◆ **The problem**
In the records below, find the line containing "Anemone dark Gray". Output it and every line after it to the end, unchanged, with no pictures.

◆ **Data to examine**

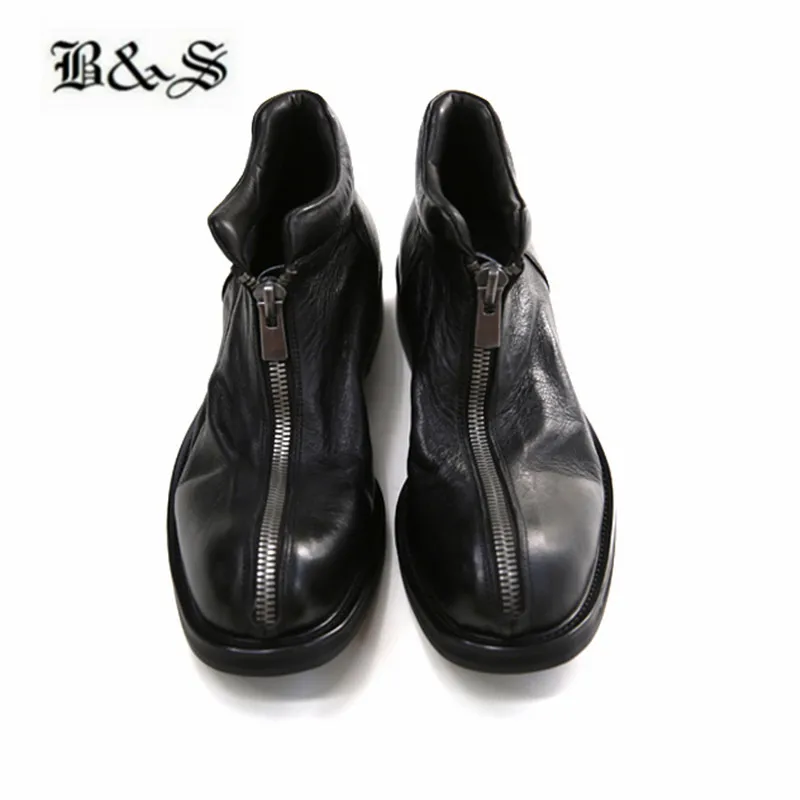 

Black& Street Original Designer Men's front zipper British Heavy Industry Dark Martin boots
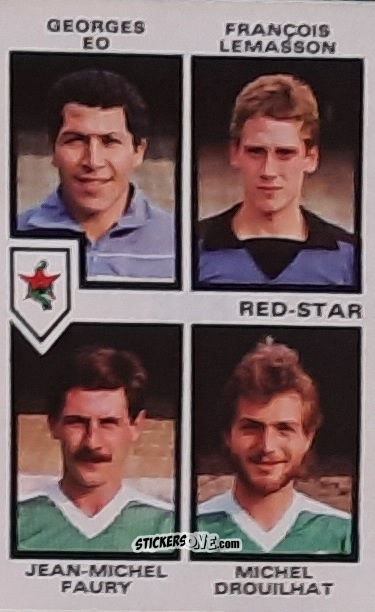 Figurina Georges Eo / Francois Lemasson / Jean-Michel Faury / Michel Drouilhat - Football France 1984-1985 n. 388 - Panini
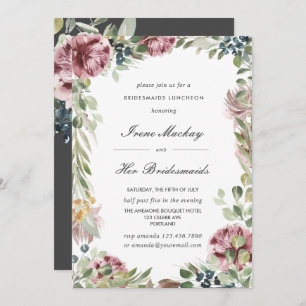Anemone dark Gray Botanical BRIDESMAIDS LUNCHEON Invitation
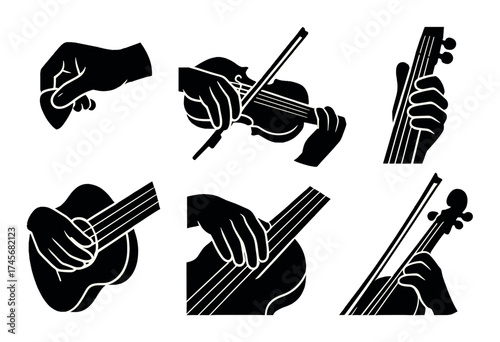 Silhouettes of hands playing string instruments on a green background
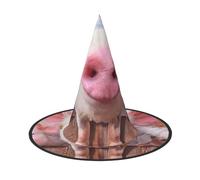 LKLDDPZB Funny Cute Pig Printed Halloween Witch Hat For Women And Men Pointy Hat Decoration Cosplay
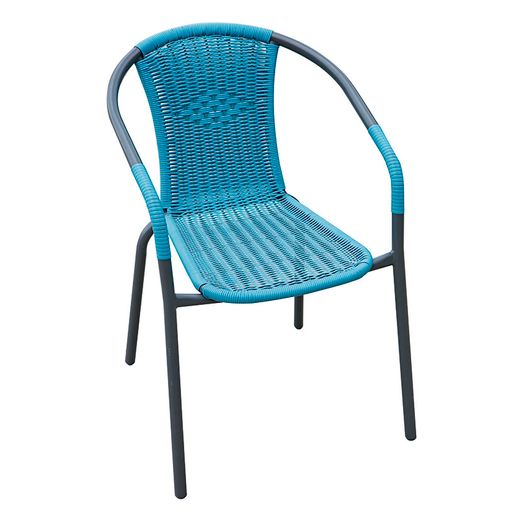 Silla Apilable De Acero / Fibra Color Azul Modelo Basic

◆ **Written response**
Anemone dark Gray Botanical BRIDESMAIDS LUNCHEON Invitation
 Silhouettes of hands playing string instruments on a green background
 LKLDDPZB Funny Cute Pig Printed Halloween Witch Hat For Women And Men Pointy Hat Decoration Cosplay
 Silla Apilable De Acero / Fibra Color Azul Modelo Basic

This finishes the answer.